(Beginning of Dataset extract)

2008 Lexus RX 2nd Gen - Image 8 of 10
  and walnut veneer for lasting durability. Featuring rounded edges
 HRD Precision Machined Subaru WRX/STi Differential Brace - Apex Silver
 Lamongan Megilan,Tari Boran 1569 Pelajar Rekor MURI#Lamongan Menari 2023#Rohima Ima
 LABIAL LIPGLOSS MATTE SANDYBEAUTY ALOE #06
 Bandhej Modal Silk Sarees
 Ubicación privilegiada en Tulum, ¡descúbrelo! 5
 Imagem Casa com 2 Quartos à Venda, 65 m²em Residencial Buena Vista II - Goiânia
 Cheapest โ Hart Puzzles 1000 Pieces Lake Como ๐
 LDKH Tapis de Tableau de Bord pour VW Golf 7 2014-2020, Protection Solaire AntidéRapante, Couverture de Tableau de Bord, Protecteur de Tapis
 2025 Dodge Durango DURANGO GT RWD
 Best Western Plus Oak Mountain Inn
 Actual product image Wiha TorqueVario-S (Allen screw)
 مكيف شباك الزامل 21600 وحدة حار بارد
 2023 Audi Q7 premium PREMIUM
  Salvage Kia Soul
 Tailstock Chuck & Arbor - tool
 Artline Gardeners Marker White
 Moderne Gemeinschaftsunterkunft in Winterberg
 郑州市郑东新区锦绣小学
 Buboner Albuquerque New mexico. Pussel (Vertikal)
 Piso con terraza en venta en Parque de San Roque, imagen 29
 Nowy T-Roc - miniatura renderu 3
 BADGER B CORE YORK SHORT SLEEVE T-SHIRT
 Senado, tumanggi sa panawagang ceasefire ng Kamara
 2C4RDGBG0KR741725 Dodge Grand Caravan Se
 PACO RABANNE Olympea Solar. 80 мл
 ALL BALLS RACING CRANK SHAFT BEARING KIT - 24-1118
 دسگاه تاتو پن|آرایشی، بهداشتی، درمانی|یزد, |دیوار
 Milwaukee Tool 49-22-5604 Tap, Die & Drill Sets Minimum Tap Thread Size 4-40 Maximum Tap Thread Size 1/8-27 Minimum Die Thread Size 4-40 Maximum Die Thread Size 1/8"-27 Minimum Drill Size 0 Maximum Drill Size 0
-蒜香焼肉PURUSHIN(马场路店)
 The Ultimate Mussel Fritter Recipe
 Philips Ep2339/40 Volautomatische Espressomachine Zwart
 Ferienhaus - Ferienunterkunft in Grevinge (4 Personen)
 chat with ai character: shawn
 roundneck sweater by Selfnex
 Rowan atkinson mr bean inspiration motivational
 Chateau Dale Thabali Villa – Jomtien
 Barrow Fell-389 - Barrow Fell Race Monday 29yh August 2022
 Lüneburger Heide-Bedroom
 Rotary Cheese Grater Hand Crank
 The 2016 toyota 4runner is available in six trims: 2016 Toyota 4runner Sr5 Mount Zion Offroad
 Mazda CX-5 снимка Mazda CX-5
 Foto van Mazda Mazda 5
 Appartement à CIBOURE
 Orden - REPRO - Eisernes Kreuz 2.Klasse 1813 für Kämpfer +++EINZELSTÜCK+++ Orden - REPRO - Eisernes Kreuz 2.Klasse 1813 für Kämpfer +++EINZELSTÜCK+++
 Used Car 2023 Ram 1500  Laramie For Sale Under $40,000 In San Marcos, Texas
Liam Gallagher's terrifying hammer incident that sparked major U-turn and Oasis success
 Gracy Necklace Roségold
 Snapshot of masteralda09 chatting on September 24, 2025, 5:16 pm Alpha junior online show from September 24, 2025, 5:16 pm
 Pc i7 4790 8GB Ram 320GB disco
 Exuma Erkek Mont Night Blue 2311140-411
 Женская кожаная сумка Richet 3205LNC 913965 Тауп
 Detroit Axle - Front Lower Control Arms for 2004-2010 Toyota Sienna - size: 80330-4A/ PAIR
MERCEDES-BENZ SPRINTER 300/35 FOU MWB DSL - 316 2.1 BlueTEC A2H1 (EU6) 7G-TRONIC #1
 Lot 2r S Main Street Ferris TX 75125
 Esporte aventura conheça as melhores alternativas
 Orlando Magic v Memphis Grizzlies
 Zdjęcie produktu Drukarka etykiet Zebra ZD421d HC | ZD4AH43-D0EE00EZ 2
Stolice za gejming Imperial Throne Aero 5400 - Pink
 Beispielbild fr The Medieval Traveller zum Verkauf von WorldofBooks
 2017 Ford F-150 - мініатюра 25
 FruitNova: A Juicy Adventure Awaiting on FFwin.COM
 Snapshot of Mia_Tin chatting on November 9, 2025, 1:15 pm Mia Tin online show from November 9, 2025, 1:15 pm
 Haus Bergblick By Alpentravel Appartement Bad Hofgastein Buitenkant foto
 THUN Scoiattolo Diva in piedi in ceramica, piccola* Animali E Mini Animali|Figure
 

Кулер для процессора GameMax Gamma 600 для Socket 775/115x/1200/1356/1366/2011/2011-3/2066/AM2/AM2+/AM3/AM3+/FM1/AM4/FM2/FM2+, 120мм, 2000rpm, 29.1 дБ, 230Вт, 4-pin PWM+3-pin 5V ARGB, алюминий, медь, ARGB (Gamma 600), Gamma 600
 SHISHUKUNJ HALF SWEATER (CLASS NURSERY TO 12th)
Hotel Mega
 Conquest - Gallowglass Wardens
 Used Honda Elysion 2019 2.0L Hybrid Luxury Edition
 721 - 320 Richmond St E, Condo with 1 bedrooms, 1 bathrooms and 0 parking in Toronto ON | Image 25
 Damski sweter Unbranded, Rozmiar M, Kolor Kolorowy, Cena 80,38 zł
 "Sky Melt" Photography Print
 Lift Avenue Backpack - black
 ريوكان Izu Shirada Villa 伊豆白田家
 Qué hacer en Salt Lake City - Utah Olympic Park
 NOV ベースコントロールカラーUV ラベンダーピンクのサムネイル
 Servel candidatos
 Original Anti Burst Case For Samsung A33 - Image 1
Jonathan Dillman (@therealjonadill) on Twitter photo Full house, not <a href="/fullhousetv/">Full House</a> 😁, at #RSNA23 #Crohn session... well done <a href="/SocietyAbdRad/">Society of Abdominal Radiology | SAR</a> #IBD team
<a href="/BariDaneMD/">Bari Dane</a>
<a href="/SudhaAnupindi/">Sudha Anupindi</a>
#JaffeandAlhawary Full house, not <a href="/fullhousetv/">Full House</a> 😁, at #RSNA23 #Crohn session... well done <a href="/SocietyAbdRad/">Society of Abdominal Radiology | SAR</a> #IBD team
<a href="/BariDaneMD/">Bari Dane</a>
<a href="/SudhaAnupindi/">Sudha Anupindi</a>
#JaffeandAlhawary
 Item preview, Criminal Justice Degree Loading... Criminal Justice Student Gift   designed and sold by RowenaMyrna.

(End of Dataset extract)

• Exercise goal:
Would you print exactly, and only, the lines of the data above from the line with "Foto van Mazda Mazda 5" through the line with "Gracy Necklace Roségold", inclusive?

• Solution:
 Foto van Mazda Mazda 5
 Appartement à CIBOURE
 Orden - REPRO - Eisernes Kreuz 2.Klasse 1813 für Kämpfer +++EINZELSTÜCK+++ Orden - REPRO - Eisernes Kreuz 2.Klasse 1813 für Kämpfer +++EINZELSTÜCK+++
 Used Car 2023 Ram 1500  Laramie For Sale Under $40,000 In San Marcos, Texas
Liam Gallagher's terrifying hammer incident that sparked major U-turn and Oasis success
 Gracy Necklace Roségold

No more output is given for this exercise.